A prediction? Remove this mischievous outlet for American teenagers and our nation will collapse! Without mailbox baseball, egging, TPing or the great Chagrin Falls Pumpkin Roll - is it even Halloween? /s
I have no idea how or why I recalled the "commander-in-chief of all the powers of the air" line from so long ago - but here we are. My deepest apologies to Washington Irving. And America.
Fall is my favorite season. And Halloween has always been my favorite holiday. But, favorites - and nostalgia - require the "good" memories to outnumber the "bad" ones. And I quit keeping score.

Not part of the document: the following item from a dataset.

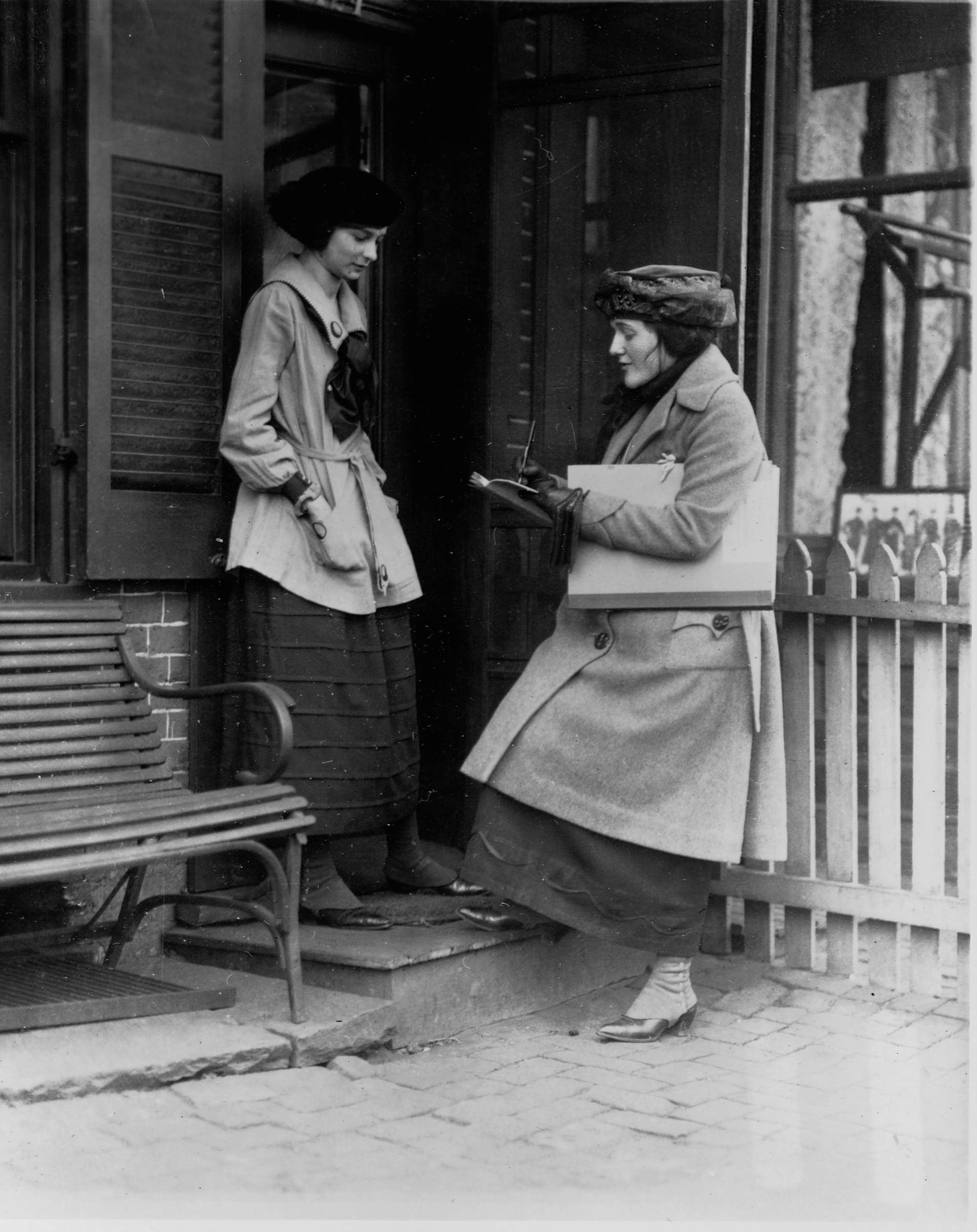 Census Taker Asks Woman Questions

I honestly don't know if these are the poisonous "nuts" from the tree. Or "Buckeye Candy" - our stupid peanut butter fudge balls ALMOST entirely coated in chocolate. Either way. If someone eats one ... they stop talking.
(b) This is the best Halloween "joke" I am in the mood to create. Any zombies want to snack on whatever brain residue can be found inside my skull? I'm sure enough can be scraped from the jar to spread on a few crackers.
How much of “me” would be lost if I swapped my “thinking” brain for a pumpkin? Since 99% of what we do is involuntary in some sense – whether autonomic functions, biological urges or societal programming? Probably not much.
True story. Halloween night 1989, two college freshmen used a Ouija board and contacted an entity. They asked its name. It replied “Satan”. One slept elsewhere for weeks. The other never returned. A year later … it was my room.
My Scottish ancestors passed down a very peculiar tradition for Halloween – wearing silver. And for this occasion I have an oddly heavy bracelet that was given to me by my great grandmother. Why you ask? Shhhhhhh.
The thought that disturbs me most is not IF there are aliens. Or IF they are out there. Or IF they will one day visit our world. The thing that keeps me up at night is … what if WE are the “aliens”?
'Tis just about my favorite season! May as well get an early start ... haha. Punny. Poor fella. My college professors introduced me to a "who's who" list of people in an attempt to help me "find myself" as a creator. Including Wes Craven – a native Clevelander who had taught English at my college in the 1960s. But that's a horror story for another day.